[Web page caption snippets]
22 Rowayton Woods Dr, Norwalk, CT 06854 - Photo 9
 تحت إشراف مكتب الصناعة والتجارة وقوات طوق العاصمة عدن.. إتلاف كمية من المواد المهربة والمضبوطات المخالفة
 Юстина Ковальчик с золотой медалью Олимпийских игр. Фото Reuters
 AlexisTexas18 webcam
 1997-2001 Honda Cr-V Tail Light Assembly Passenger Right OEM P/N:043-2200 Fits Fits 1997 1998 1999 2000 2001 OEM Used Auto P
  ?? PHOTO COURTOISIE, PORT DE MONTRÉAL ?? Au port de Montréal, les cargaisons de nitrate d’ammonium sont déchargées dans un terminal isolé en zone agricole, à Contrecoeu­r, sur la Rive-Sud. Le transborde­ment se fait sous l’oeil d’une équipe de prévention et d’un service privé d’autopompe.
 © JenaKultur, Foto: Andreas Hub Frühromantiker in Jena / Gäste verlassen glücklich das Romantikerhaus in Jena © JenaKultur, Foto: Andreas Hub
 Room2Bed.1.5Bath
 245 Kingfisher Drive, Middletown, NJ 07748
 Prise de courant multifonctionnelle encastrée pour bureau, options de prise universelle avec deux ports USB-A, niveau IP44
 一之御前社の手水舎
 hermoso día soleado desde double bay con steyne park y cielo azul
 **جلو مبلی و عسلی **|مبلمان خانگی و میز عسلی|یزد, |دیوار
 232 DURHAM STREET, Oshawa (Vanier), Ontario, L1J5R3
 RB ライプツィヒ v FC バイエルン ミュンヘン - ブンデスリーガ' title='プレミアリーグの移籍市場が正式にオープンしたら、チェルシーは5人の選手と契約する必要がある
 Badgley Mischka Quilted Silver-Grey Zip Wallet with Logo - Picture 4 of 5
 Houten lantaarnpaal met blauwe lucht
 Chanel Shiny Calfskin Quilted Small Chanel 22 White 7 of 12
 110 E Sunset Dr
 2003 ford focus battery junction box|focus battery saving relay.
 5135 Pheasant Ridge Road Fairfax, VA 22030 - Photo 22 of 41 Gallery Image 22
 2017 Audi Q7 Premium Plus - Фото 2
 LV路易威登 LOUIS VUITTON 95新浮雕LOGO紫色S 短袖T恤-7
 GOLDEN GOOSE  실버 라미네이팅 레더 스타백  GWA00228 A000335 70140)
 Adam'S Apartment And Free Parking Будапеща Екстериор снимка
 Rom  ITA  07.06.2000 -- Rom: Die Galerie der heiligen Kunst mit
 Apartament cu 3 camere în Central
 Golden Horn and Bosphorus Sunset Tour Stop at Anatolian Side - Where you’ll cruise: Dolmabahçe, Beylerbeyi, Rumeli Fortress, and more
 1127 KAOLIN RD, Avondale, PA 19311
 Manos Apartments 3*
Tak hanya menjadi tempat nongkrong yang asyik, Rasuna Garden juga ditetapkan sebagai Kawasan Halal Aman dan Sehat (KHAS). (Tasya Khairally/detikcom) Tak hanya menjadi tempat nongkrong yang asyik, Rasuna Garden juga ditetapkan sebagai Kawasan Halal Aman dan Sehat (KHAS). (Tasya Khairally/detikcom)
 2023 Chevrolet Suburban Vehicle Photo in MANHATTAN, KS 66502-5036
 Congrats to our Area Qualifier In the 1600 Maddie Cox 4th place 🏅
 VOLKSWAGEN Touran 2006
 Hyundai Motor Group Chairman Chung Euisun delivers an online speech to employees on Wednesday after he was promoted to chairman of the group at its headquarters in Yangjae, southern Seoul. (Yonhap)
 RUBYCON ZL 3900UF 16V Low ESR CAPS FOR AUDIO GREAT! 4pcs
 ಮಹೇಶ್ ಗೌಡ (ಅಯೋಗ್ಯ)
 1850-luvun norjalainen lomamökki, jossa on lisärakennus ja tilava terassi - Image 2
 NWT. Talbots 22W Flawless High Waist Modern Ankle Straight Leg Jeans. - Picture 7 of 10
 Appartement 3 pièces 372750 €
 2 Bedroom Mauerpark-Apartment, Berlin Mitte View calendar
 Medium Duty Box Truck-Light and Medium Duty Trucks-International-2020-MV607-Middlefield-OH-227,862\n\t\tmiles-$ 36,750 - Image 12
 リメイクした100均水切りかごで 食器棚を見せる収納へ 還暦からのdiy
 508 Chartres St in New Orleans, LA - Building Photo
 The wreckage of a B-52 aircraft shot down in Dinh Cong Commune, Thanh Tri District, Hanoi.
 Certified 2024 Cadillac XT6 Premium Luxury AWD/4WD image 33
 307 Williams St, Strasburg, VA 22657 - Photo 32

TASK GOAL: Word for word, set down all of the records above.

ANSWER FOR THIS EXERCISE:
22 Rowayton Woods Dr, Norwalk, CT 06854 - Photo 9
 تحت إشراف مكتب الصناعة والتجارة وقوات طوق العاصمة عدن.. إتلاف كمية من المواد المهربة والمضبوطات المخالفة
 Юстина Ковальчик с золотой медалью Олимпийских игр. Фото Reuters
 AlexisTexas18 webcam
 1997-2001 Honda Cr-V Tail Light Assembly Passenger Right OEM P/N:043-2200 Fits Fits 1997 1998 1999 2000 2001 OEM Used Auto P
  ?? PHOTO COURTOISIE, PORT DE MONTRÉAL ?? Au port de Montréal, les cargaisons de nitrate d’ammonium sont déchargées dans un terminal isolé en zone agricole, à Contrecoeu­r, sur la Rive-Sud. Le transborde­ment se fait sous l’oeil d’une équipe de prévention et d’un service privé d’autopompe.
 © JenaKultur, Foto: Andreas Hub Frühromantiker in Jena / Gäste verlassen glücklich das Romantikerhaus in Jena © JenaKultur, Foto: Andreas Hub
 Room2Bed.1.5Bath
 245 Kingfisher Drive, Middletown, NJ 07748
 Prise de courant multifonctionnelle encastrée pour bureau, options de prise universelle avec deux ports USB-A, niveau IP44
 一之御前社の手水舎
 hermoso día soleado desde double bay con steyne park y cielo azul
 **جلو مبلی و عسلی **|مبلمان خانگی و میز عسلی|یزد, |دیوار
 232 DURHAM STREET, Oshawa (Vanier), Ontario, L1J5R3
 RB ライプツィヒ v FC バイエルン ミュンヘン - ブンデスリーガ' title='プレミアリーグの移籍市場が正式にオープンしたら、チェルシーは5人の選手と契約する必要がある
 Badgley Mischka Quilted Silver-Grey Zip Wallet with Logo - Picture 4 of 5
 Houten lantaarnpaal met blauwe lucht
 Chanel Shiny Calfskin Quilted Small Chanel 22 White 7 of 12
 110 E Sunset Dr
 2003 ford focus battery junction box|focus battery saving relay.
 5135 Pheasant Ridge Road Fairfax, VA 22030 - Photo 22 of 41 Gallery Image 22
 2017 Audi Q7 Premium Plus - Фото 2
 LV路易威登 LOUIS VUITTON 95新浮雕LOGO紫色S 短袖T恤-7
 GOLDEN GOOSE  실버 라미네이팅 레더 스타백  GWA00228 A000335 70140)
 Adam'S Apartment And Free Parking Будапеща Екстериор снимка
 Rom  ITA  07.06.2000 -- Rom: Die Galerie der heiligen Kunst mit
 Apartament cu 3 camere în Central
 Golden Horn and Bosphorus Sunset Tour Stop at Anatolian Side - Where you’ll cruise: Dolmabahçe, Beylerbeyi, Rumeli Fortress, and more
 1127 KAOLIN RD, Avondale, PA 19311
 Manos Apartments 3*
Tak hanya menjadi tempat nongkrong yang asyik, Rasuna Garden juga ditetapkan sebagai Kawasan Halal Aman dan Sehat (KHAS). (Tasya Khairally/detikcom) Tak hanya menjadi tempat nongkrong yang asyik, Rasuna Garden juga ditetapkan sebagai Kawasan Halal Aman dan Sehat (KHAS). (Tasya Khairally/detikcom)
 2023 Chevrolet Suburban Vehicle Photo in MANHATTAN, KS 66502-5036
 Congrats to our Area Qualifier In the 1600 Maddie Cox 4th place 🏅
 VOLKSWAGEN Touran 2006
 Hyundai Motor Group Chairman Chung Euisun delivers an online speech to employees on Wednesday after he was promoted to chairman of the group at its headquarters in Yangjae, southern Seoul. (Yonhap)
 RUBYCON ZL 3900UF 16V Low ESR CAPS FOR AUDIO GREAT! 4pcs
 ಮಹೇಶ್ ಗೌಡ (ಅಯೋಗ್ಯ)
 1850-luvun norjalainen lomamökki, jossa on lisärakennus ja tilava terassi - Image 2
 NWT. Talbots 22W Flawless High Waist Modern Ankle Straight Leg Jeans. - Picture 7 of 10
 Appartement 3 pièces 372750 €
 2 Bedroom Mauerpark-Apartment, Berlin Mitte View calendar
 Medium Duty Box Truck-Light and Medium Duty Trucks-International-2020-MV607-Middlefield-OH-227,862\n\t\tmiles-$ 36,750 - Image 12
 リメイクした100均水切りかごで 食器棚を見せる収納へ 還暦からのdiy
 508 Chartres St in New Orleans, LA - Building Photo
 The wreckage of a B-52 aircraft shot down in Dinh Cong Commune, Thanh Tri District, Hanoi.
 Certified 2024 Cadillac XT6 Premium Luxury AWD/4WD image 33
 307 Williams St, Strasburg, VA 22657 - Photo 32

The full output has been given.